Quelle pagine (ricordo le lessi in aereo durante un volo a dir poco burrascoso) emanavano un dolore così forte da non poterlo non solo discutere, ma nemmeno assimilare. La spudoratezza, quasi la tracotanza con cui l’autore l’ha esposto (come si esponevano i figli illegittimi, non come si espone un quadro) ne provocavano l’autocombustione. Rimaneva lo sconcerto, ma la lingua – lì, in quel rogo – non riproduceva che se stessa e, paradossalmente, tanto più vita c’era in quella estroflessione della morte, tanto più muta riusciva la comunicazione. Ne seguirono, in me, lente riflessioni, un grande silenzio e una sorda aspettativa al varco.
Tonon ricompare ora, qualche mese fa, con I circuiti celesti (66thand2nd, 2013), un libro strano. La prima osservazione, di copertina, è che stavolta il centro è spostato dal sé all’altrove. C’è un soggetto. Non una trama. Un soggetto, un uomo prima vivo e poi morto, presto, secondo i canoni dell’attualità. Un uomo, un ragazzo pubblico. Insomma, una biografia, forse l’ultima cosa che ti aspetti dagli ego ingombranti.
Della morte di Marco Simoncelli tutti sanno tutto, ovvero niente. Nel mondo odierno è impossibile proteggersi dalle informazioni, quanto è sempre più impervio sapere una qualunque cosa. Anche chi come me aborre la velocità, e quindi mantiene un certo distacco dai motori in genere, non ha potuto evitare di soffermarsi sull’istante (perché è solo un istante) in cui quel ragazzo corazzato è passato dal movimento alla stasi. Dicono spesso che in questo paese ci si sente parte di qualcosa solo quando l’Italia non fa troppo schifo ai mondiali. Secondo me qui (e qui ormai vuol dire tutto) ci si sente qualcosa solo quando si vede qualcuno che crepa. La potenza simbolica della morte è ormai una delle poche a sorgere effetti collettivi, se non di massa. Una potenza che non sfugge a Tonon, che su quel simbolo si cauterizza. Il suo “dovere” biografico lo fa. Racconta la storia di quello che c’è stato attorno a quel ragazzo e abbozza, con empatia, un’ipotesi del suo dentro. Ci mette qualche patetismo di troppo, a mio gusto, ma il risultato è senza dubbio qualcosa di vivente. E poi, complice quella stessa lingua carica e sottratta, sembra mettere ferita su ferita, sangue su sangue, specchiando il suo essere terrigno con quello del centauro ormai, fin dal titolo, assoldato tra gli angeli.
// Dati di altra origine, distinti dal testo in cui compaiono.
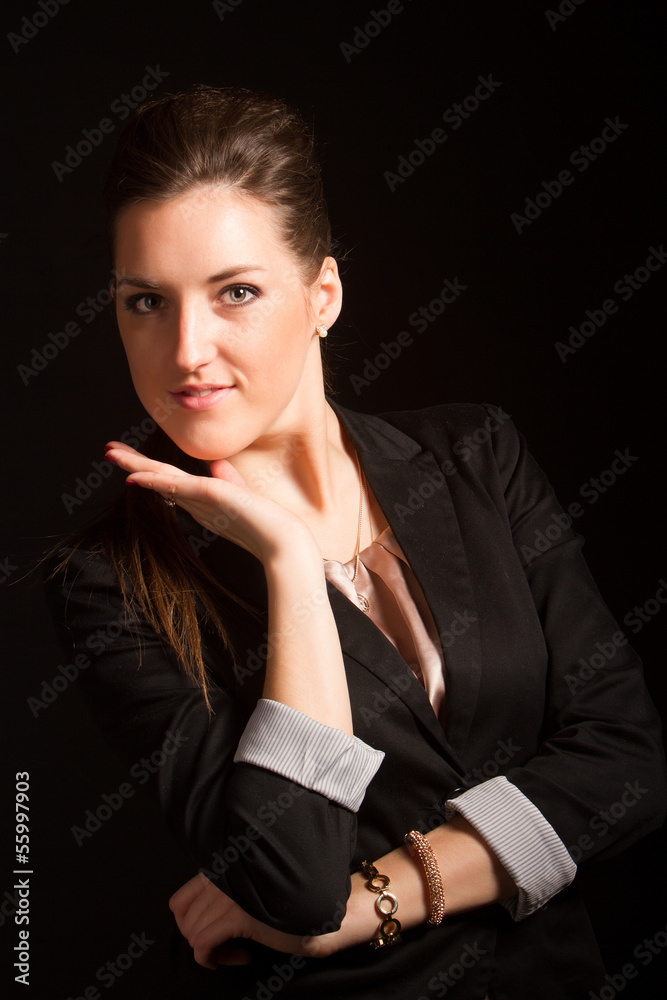 Portrait of beautiful woman posing in studio in jacket Portrait of beautiful woman posing in studio in jacket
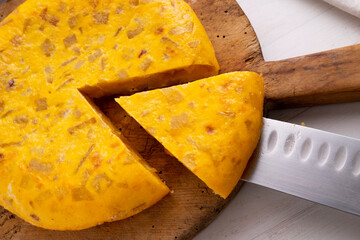 Tortilla Española. Traditional Spanish omelette made with fried potato, onion and egg.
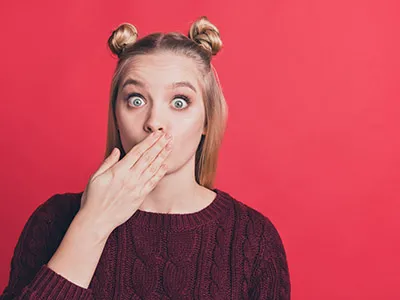 Lady holding arm on lips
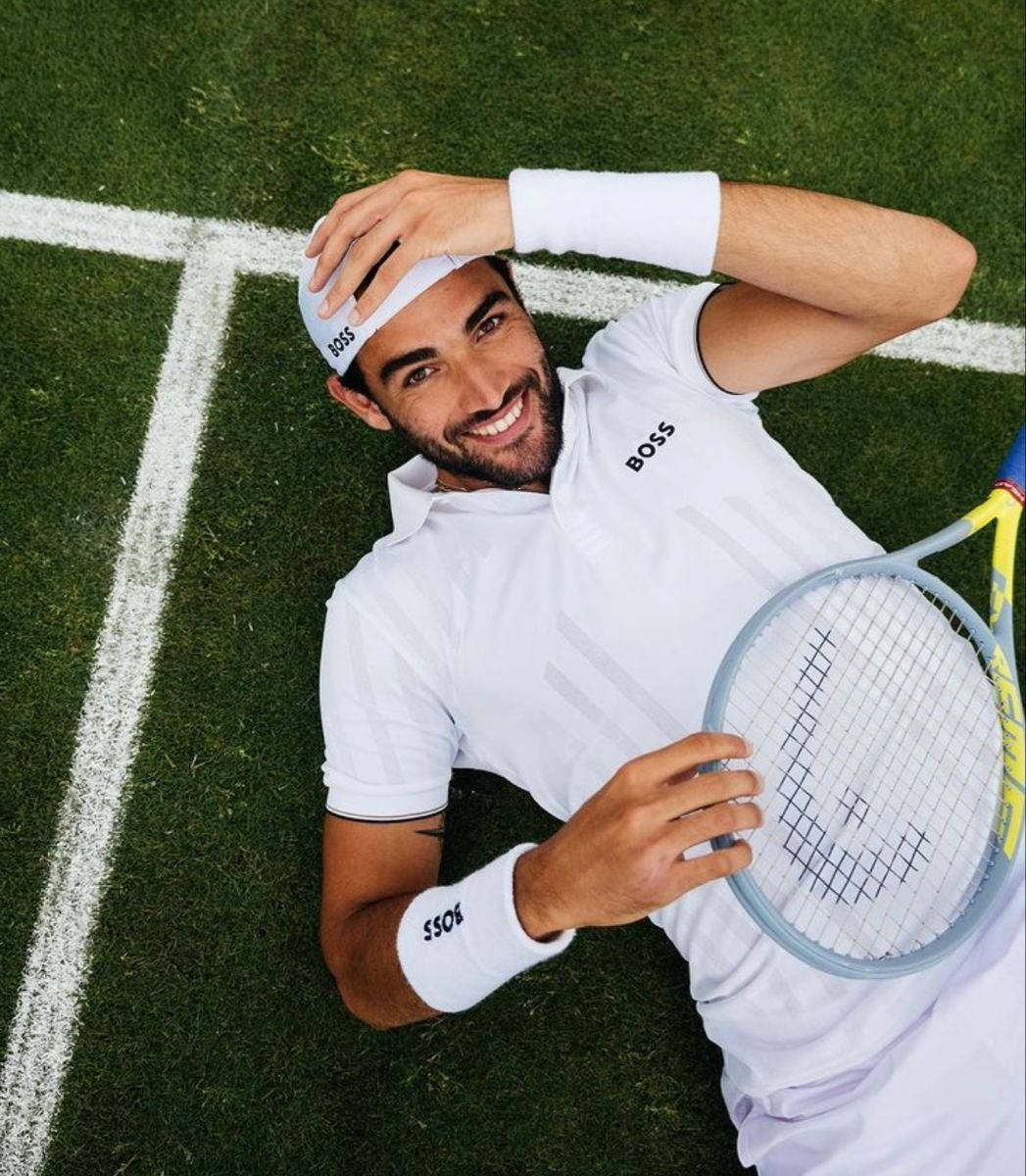 Playful Matteo Berrettini Top View Background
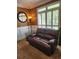 Cozy living room features a comfortable leather loveseat and large windows at 3930 Regal Oaks Dr, Suwanee, GA 30024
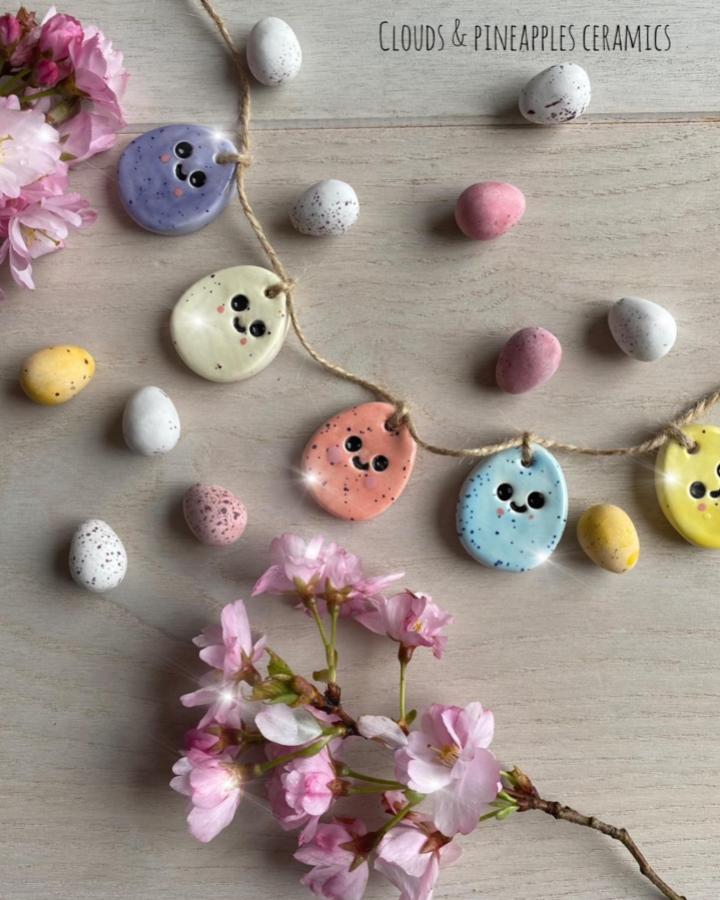Pastel speckled clay eggs garland with smiling faces from @pottdpeople on wooden surface with pink flowers easter clay craft ideas.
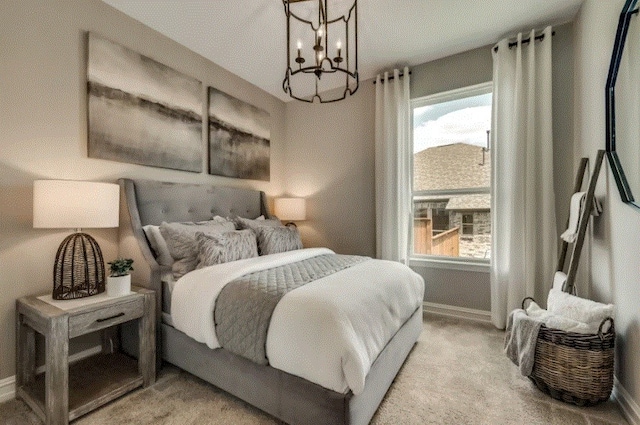 carpeted bedroom featuring a notable chandelier and a textured ceiling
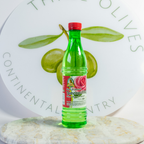 Green bottle with red cap on a marble surface, branded 'Continental Pantry'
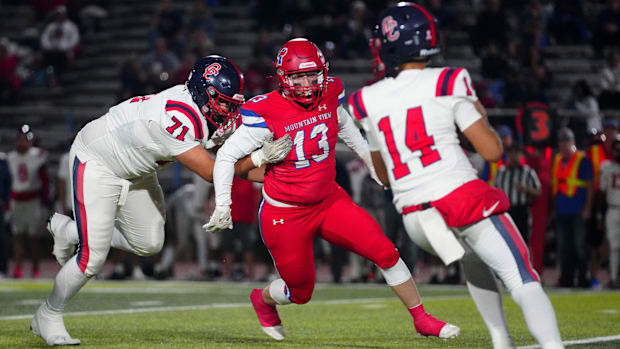 Mountain View defensive end Parker Foster (13) rushes Centennial quarterback Titus Hill (14) during a playoff game at Mountai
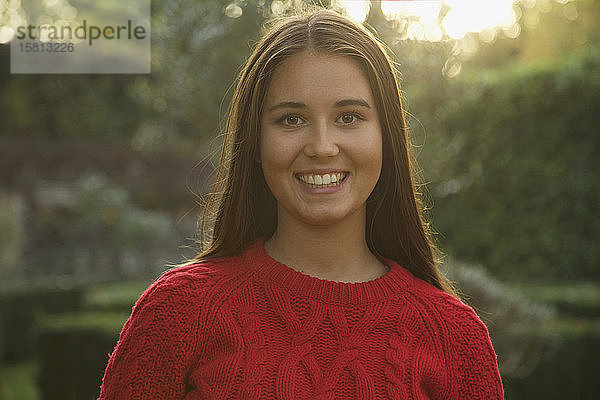 Porträt glückliches jugendliches Mädchen in rotem Pullover im Park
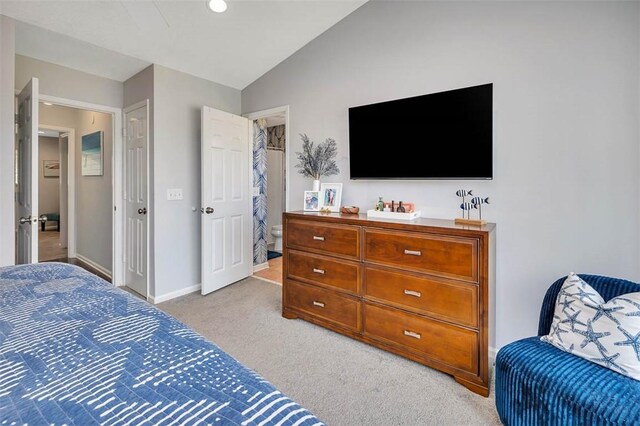 bedroom featuring light colored carpet and vaulted ceiling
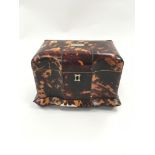 Tortoiseshell tea caddy.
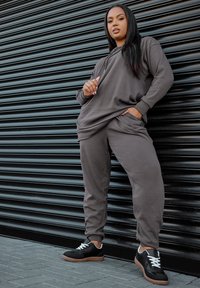 Grå ribbad hoodie med framficka, ihopparad med matchande byxor. Svarta sneakers med vita snören och en gummisul. Bakgrunden har en svart jalusi.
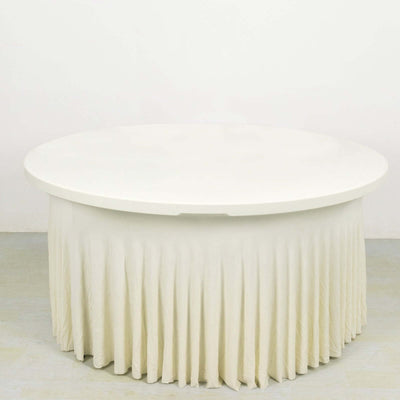 Round white table with a pleated skirt, studio shot.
Una strana coppia per un libro che provoca reazioni opposte. Ora di aderenza, ora di distacco. La prosa guerriera che tenta di maneggiare uno scricciolo con una delicatezza che non può appartenergli. Ma anche l’assoluta generosità dello slancio.
Leggo proprio ora che qualcuno lo vorrebbe allo Strega. Cose che riguardano la potestas temporale dell’editoria, più che la letteratura. Dal punto di vista spirituale, mi felicito di questa battaglia. Ma il vero difficile secondo libro di Tonon, credo sia ancora scritto nell’inferno dell’attesa.